R.I. Gen. Laws § 27-84-3(b)(1)-(2)
Plain Language
DBR and OHIC must compile and submit to the governor, senate president, and speaker of the house a report on insurer AI use within 18 months of the effective date and annually thereafter. For each insurer, the report must cover: AI model types, AI's role in claims and coverage decisions, training data governance measures (including suitability of data sources, possible biases, and mitigation), and performance metrics (claims counts, acceptance/denial rates, average reviewer time per claim and denial, appeal rates, and denial reversal rates). While this section imposes the reporting obligation on DBR/OHIC rather than on insurers directly, it effectively requires insurers to furnish all the enumerated information to the regulators — the proactive disclosure obligation in § 27-84-3(a)(1) and the on-request production obligation in § 27-84-3(a)(2) are the mechanisms by which insurers supply this data.
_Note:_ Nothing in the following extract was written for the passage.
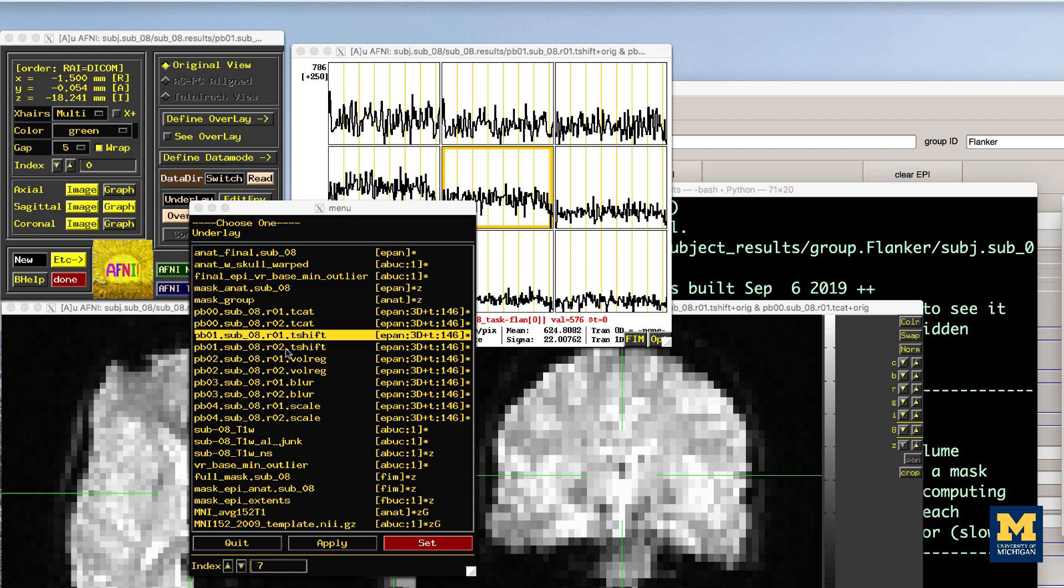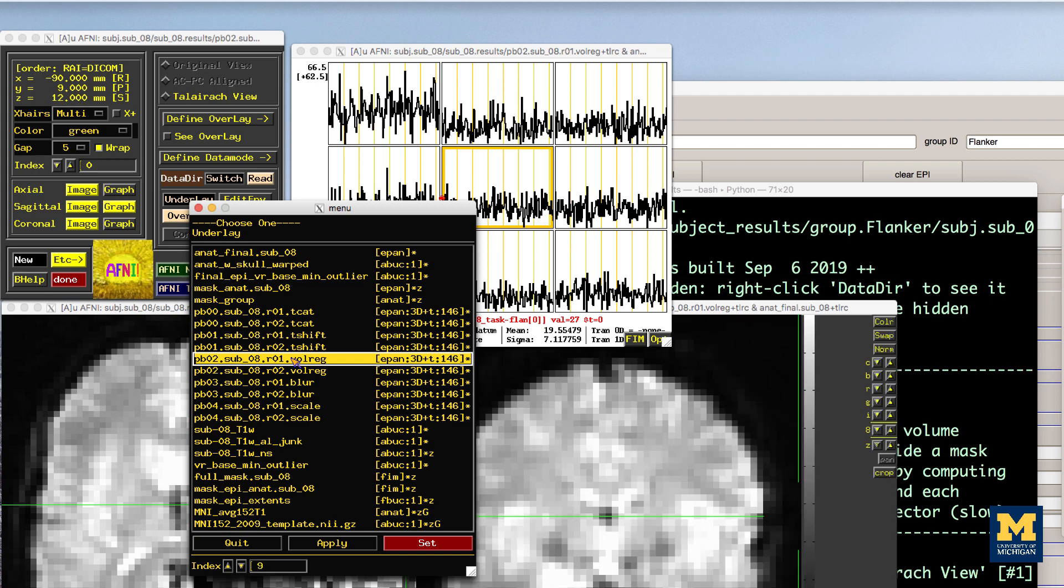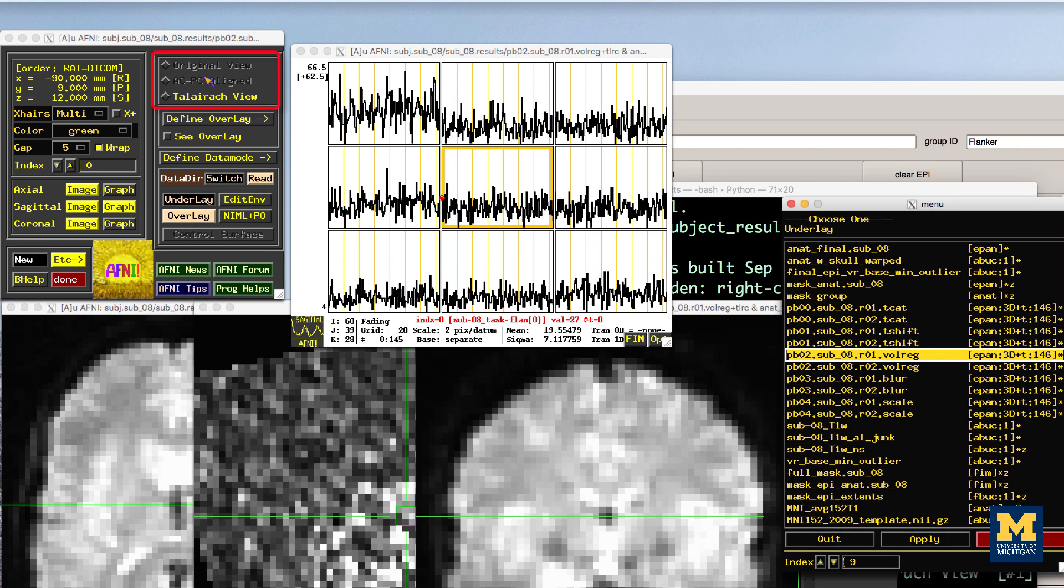The next file to look at is the pb02 volreg files, which have been motion corrected, co-registered to the anatomical image, and warped to a standardized space, which in this case was the MNI 152 template. If you click on the pb02 images, the view changes from original view, or the raw data space, to Talairach view, indicating that these images have been normalized.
The training data governance disclosure (including bias assessment) is a notable data transparency requirement.
Statutory Text
(1) DBR/OHIC shall provide an initial report to the governor, the senate president and the speaker of the house on the use of artificial intelligence by health insurers within eighteen (18) months of the effective date of this chapter and annually thereafter. (2) The annual report shall state how health insurers use artificial intelligence to manage claims and coverage. The report shall state, for each insurer: (i) The types of artificial intelligence models used; (ii) The role of artificial intelligence in the decision-making process to approve or deny healthcare claims or coverage whenever artificial intelligence is used to make, or is a substantial factor in making, a decision on healthcare claims or coverage; (iii) Information regarding training, testing, and risk management including data governance measures used to cover the training data sets and the measures used to examine the suitability of data sources, possible biases and appropriate mitigation; and (iv) Performance metrics including: number of claims; percentage of claims accepted and denied; the average time claim reviewers and medical professional reviewers spend on each claim and on denials of claims; percentage of claims appealed; and percentage of denials reversed.